## Task item:
Among the records below, the line containing "2. RT &amp; Like thread di bawah ini" marks the start. Output it and all lines after it exactly.

(Short descriptive text snippets)

---+---

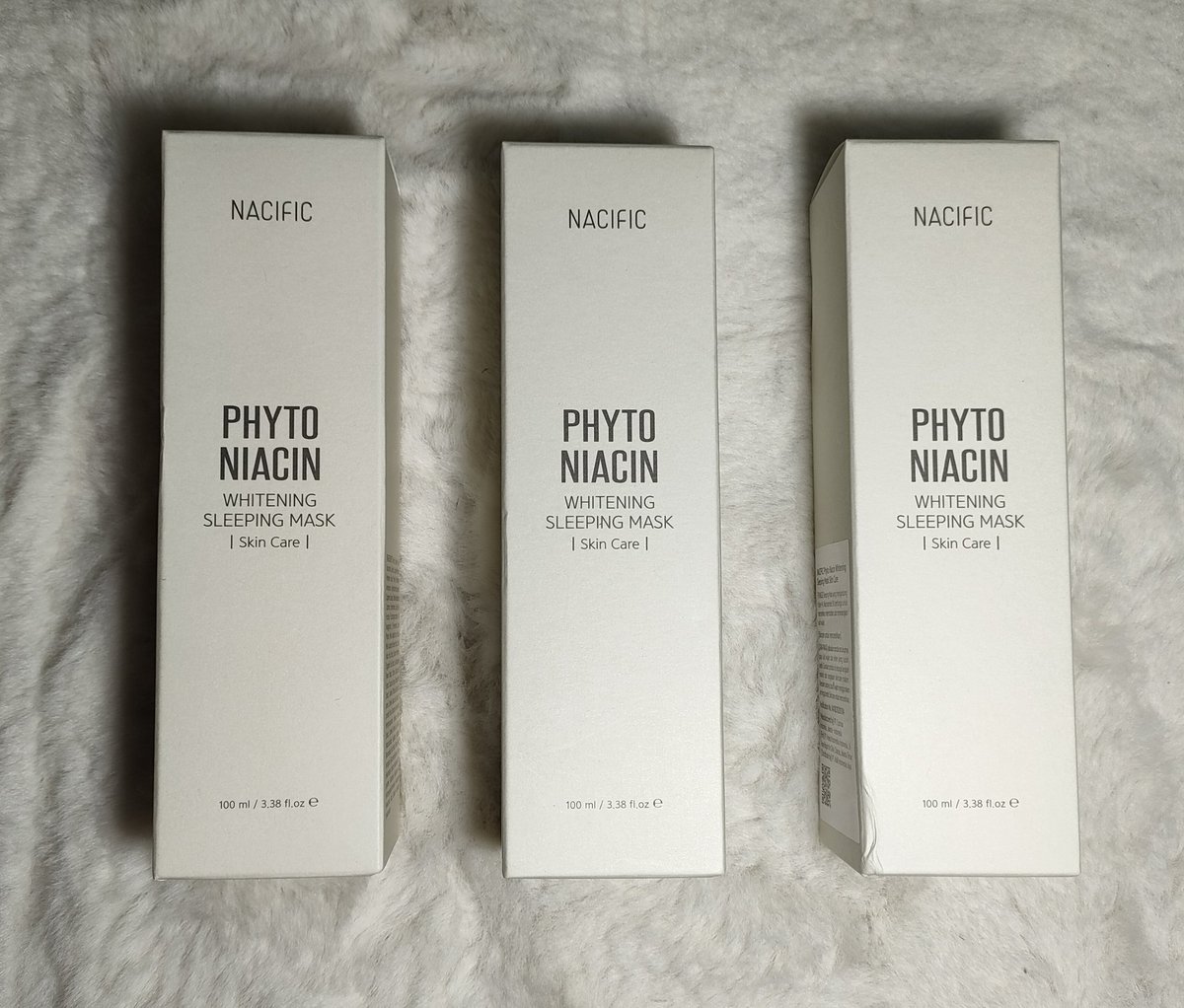 Abang__Chan's tweet photo. GA (Giveaway) 
untuk 3 orang pemenang 🥰💞

Masing-masing pemenang akan mendapatkan 1 Sleeping Mask Phyto Niacin.

Rules:
1. RT &amp; Like tweet ini
2. RT &amp; Like thread di bawah ini
3. Reply "done"

Close tanggal 8 September jam 20.00 WIB.
Akan diumumkan jam 21.00 WIB

Good Luck! 💞 https://t.co/eyJQTijzJQ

---+---

## Response to this exercise:
2. RT &amp; Like thread di bawah ini
3. Reply "done"

Close tanggal 8 September jam 20.00 WIB.
Akan diumumkan jam 21.00 WIB

Good Luck! 💞 https://t.co/eyJQTijzJQ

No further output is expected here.